● YOUR GOAL:
Only the lines below from the one containing "326bluegraygnatcatcher.JPG" through the one containing "Elevated Calm | Dendritic Agate Sphere" belong in the answer, repeated exactly and without pictures.

● DATA EXCERPTS:
▬▬▬▬▬▬▬▬▬▬

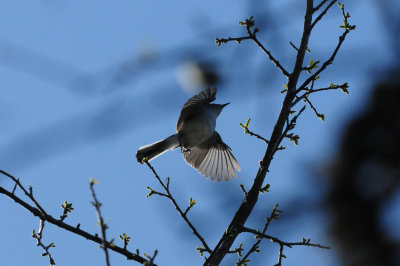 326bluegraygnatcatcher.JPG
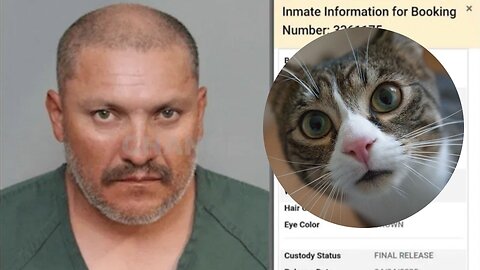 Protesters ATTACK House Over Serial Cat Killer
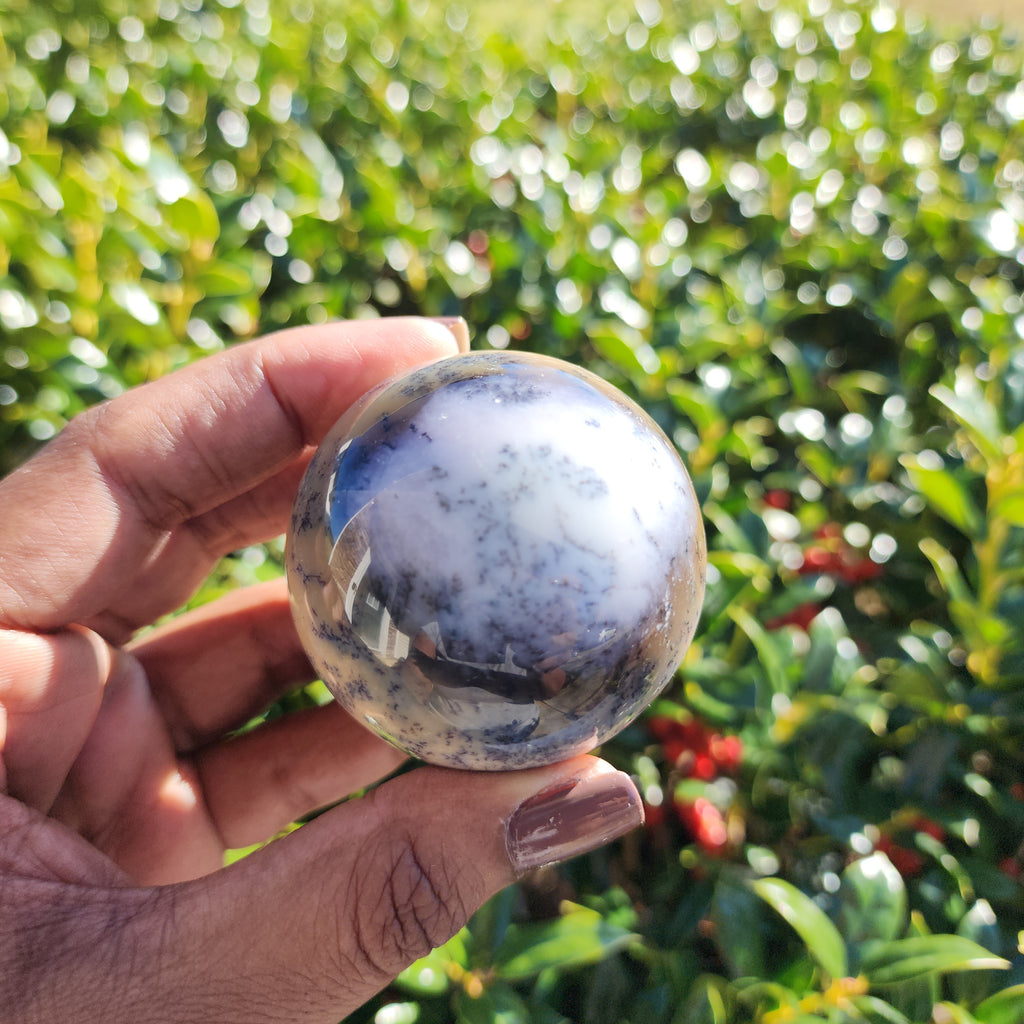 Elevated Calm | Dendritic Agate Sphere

▬▬▬▬▬▬▬▬▬▬

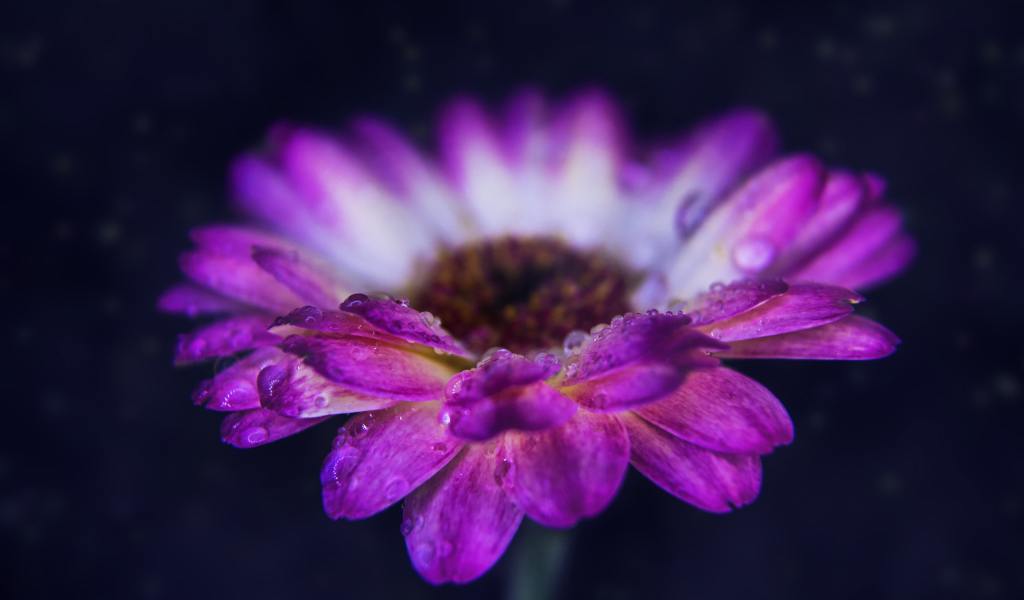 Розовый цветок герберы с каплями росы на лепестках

▬▬▬▬▬▬▬▬▬▬

● RESPONSE BELOW:
 326bluegraygnatcatcher.JPG
 Protesters ATTACK House Over Serial Cat Killer
 Elevated Calm | Dendritic Agate Sphere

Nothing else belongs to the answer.